* _TASK DETAILS_
After locating "2019版部编版语文四年级上册22 为中华之崛起而读书练习卷(I)卷_第2页" in the listing below, copy that line and each one after it exactly, ending with the line that has "熊孩子和他的狼族朋友第1话".

* _DATASET_
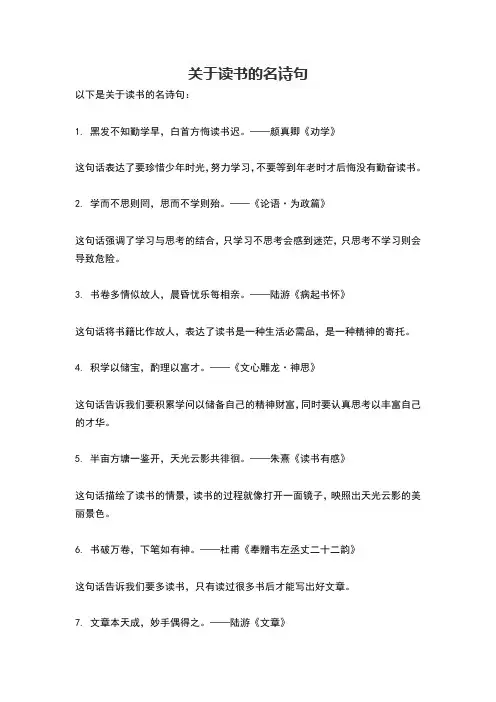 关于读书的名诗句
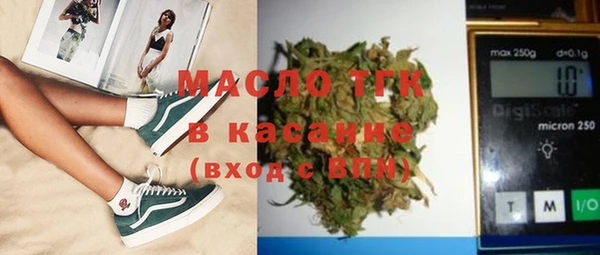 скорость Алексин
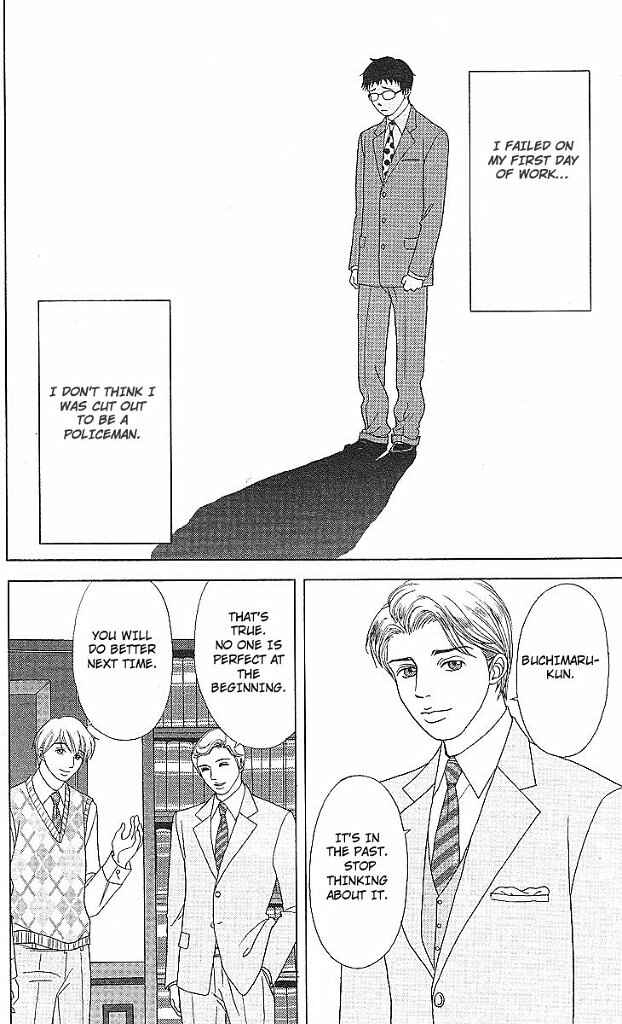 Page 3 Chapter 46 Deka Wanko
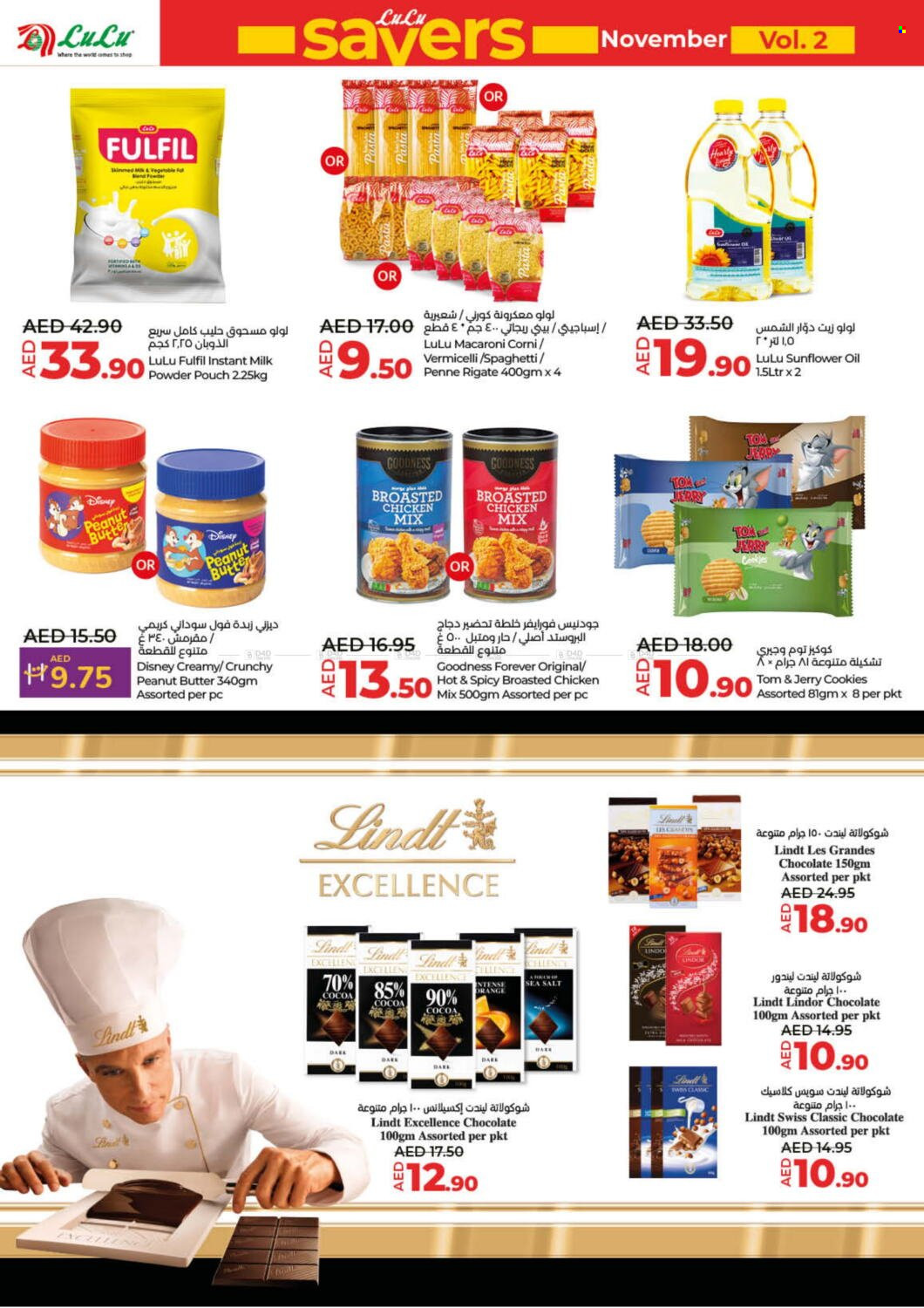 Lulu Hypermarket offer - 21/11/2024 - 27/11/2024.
---
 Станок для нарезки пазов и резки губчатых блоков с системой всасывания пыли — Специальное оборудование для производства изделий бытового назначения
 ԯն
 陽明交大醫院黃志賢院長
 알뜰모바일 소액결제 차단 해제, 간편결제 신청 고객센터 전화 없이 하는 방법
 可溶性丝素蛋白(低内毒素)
--
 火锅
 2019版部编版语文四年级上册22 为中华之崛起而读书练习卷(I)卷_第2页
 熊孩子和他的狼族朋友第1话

* _ANSWER BELOW_
 2019版部编版语文四年级上册22 为中华之崛起而读书练习卷(I)卷_第2页
 熊孩子和他的狼族朋友第1话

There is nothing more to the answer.